Reddit · Limp_Fisherman_9033 · May 31, 2026
A Claude app user on Mac attempted to use the @ window operation in Cowork to reference an open window, expecting information to be sent to Claude. The operation resulted in an error message stating the uploaded content was for a remote session and could not be sent to a local one. The user expressed confusion about the error and questioned whether they were performing the operation incorrectly.

Detailed Analysis

The Claude Mac application's "Cowork" feature includes an @ mention functionality designed to allow users to reference open application windows, providing Claude with contextual visual information about what is displayed on screen. The feature appears conceptually similar to OpenAI Codex's "appshot" capability, which captures and processes visual content from active applications to give an AI assistant real-time awareness of the user's working environment. However, users attempting to employ this feature are encountering a blocking error message stating that content "was uploaded for a remote session and can't be sent to a local one," with instructions to either remove and re-attach the content or remove a working folder to stay remote — even when no working folder has been explicitly configured by the user.

The core technical issue appears to stem from a session-type conflict within the Cowork architecture. The Claude Mac app seemingly distinguishes between "local" and "remote" processing sessions, and the @ window operation is triggering an upload pathway associated with remote sessions, while the active session is classified as local. This mismatch prevents the window content from being delivered to Claude as intended, rendering the feature non-functional for affected users. The fact that this occurs without the user having set a working folder suggests that either the application is automatically inferring session type in unexpected ways, or there is a bug in how session state is being managed and communicated to the user.

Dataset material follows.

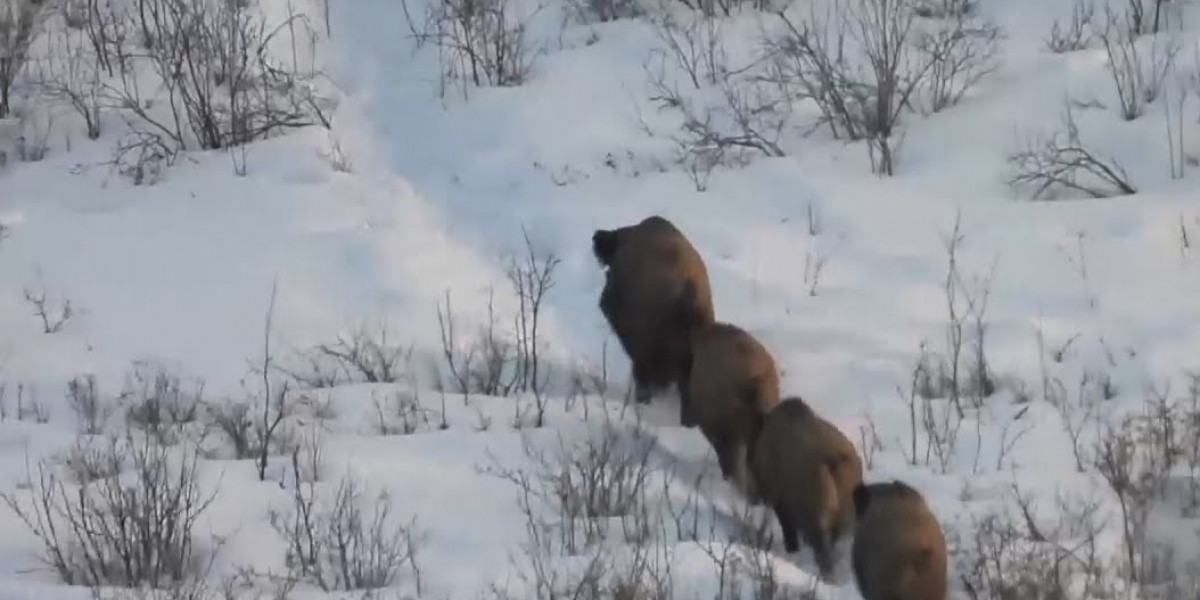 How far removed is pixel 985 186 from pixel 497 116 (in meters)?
3.31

This user experience report highlights a broader challenge in shipping polished desktop AI integration features — specifically the complexity of managing context-sharing mechanisms across different execution environments. The ambiguity around what constitutes a "remote" versus "local" session, combined with error messaging that presupposes user familiarity with internal session architecture, points to gaps in both feature stability and user-facing documentation at the time of this post.

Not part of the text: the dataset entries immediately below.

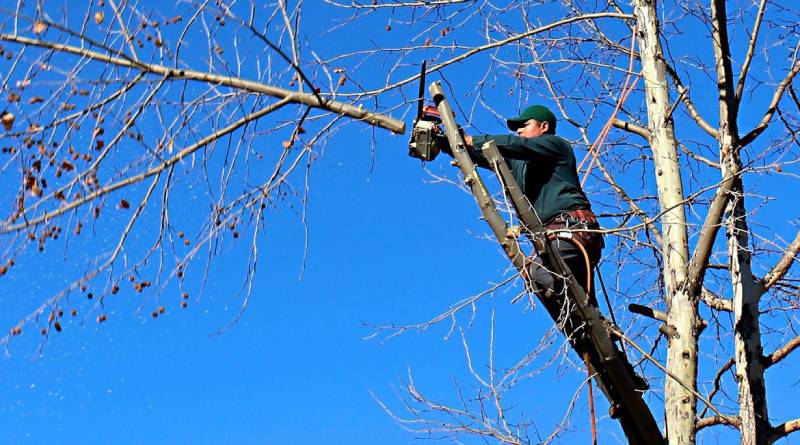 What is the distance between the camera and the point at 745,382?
6.77 meters

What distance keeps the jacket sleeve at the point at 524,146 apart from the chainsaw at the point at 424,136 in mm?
204

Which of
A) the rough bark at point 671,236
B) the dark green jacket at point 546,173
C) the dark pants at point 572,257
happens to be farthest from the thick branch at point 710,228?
the dark green jacket at point 546,173

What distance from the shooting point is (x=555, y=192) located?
616 cm

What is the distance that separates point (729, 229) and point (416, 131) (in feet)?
8.07

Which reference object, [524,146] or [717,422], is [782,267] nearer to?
[717,422]

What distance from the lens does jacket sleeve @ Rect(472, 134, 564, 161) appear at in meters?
5.85

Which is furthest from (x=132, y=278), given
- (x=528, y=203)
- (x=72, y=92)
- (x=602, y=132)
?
(x=602, y=132)

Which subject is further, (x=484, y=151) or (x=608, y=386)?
(x=608, y=386)

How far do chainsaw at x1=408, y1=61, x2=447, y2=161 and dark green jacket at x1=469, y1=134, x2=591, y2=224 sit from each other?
0.90ft

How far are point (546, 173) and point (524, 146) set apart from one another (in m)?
0.32

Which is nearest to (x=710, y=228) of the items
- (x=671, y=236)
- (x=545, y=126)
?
(x=671, y=236)

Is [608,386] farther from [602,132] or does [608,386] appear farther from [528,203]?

The broader significance lies in the competitive landscape around AI desktop assistants gaining ambient awareness of user workflows. Features that allow AI tools to observe and respond to on-screen application content represent a meaningful capability frontier, one that both Anthropic and OpenAI are actively developing. When these features malfunction without clear resolution paths, user trust erodes and adoption of more sophisticated agentic workflows is slowed. The Cowork @ window issue underscores the difficulty of delivering seamless, cross-context AI assistance in desktop environments where session management, local compute, and cloud processing intersect in ways users are not expected to understand or manually resolve.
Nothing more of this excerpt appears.